You've hit 2 nails firmly on the head there.
1) Good/Bad practice and the instant LABC expert. This is really a distillation of the environment, encouraged by the OSG, of what I term "electrical installations for the hard of thinking". The reliance on the use of standard circuits means that people don't bother to do proper design, or think about what design principles underpin those standard circuits, they just follow "the rules" and don't consider other options or other designs.
2) What the "spur" feeds. You're right about the cooker hood load, but your tumble drier comment is interesting - I'll bet there's at least 1 person in the country with a T/D plugged into the integral socket on a CCU not knowing that the design current for that socket is only 5A. We're back to the "rules", and how you either have to unthinkingly follow them or work things out properly. A spur in 2.5mm² is considered safe because the rules say only 1 socket, so when you follow the rules you can't overload the cable.
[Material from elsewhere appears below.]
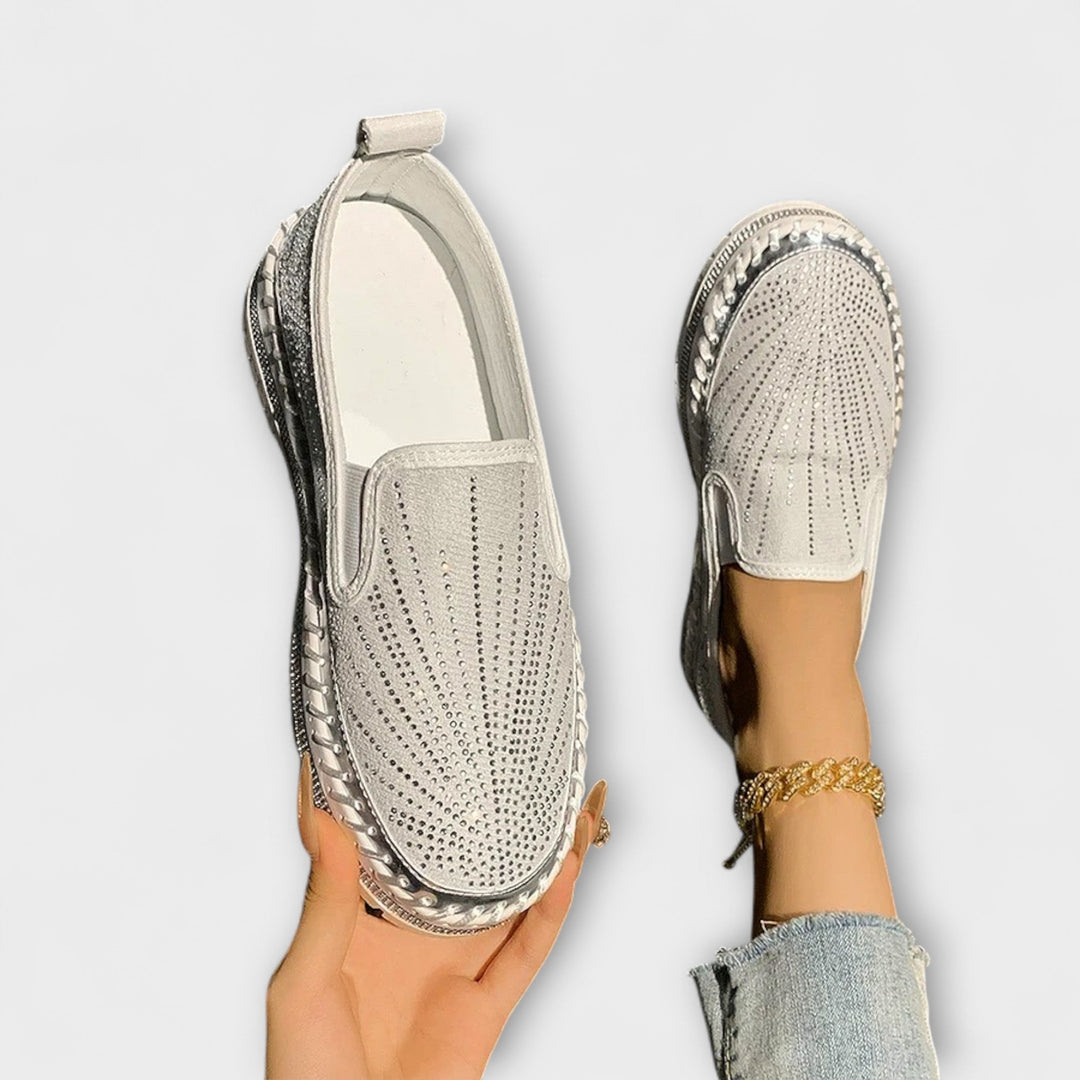 Sieglind – Slipper mit Strass-Verzierig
When I said "discuss", it wasn't a rhetorical, or sarcastic remark. A cooker circuit is of course a radial, so a circuit coming off of it is not a spur, it is a leg of the radial, and there are no rules explicitly limiting the number of sockets on it - you're into the realm of designing the circuit properly. There is no simple "only 1 socket" rule that "prevents" more from being added, which is why you do have to be very careful, and which is why I agree that you should not attach a 2.5mm² leg to a 32A 6mm² radial, except via an FCU to provide proper protection of the cable. A spur on a ring is a special exemption to the Ib <= In <= Iz rule, and it does not apply to other circuits.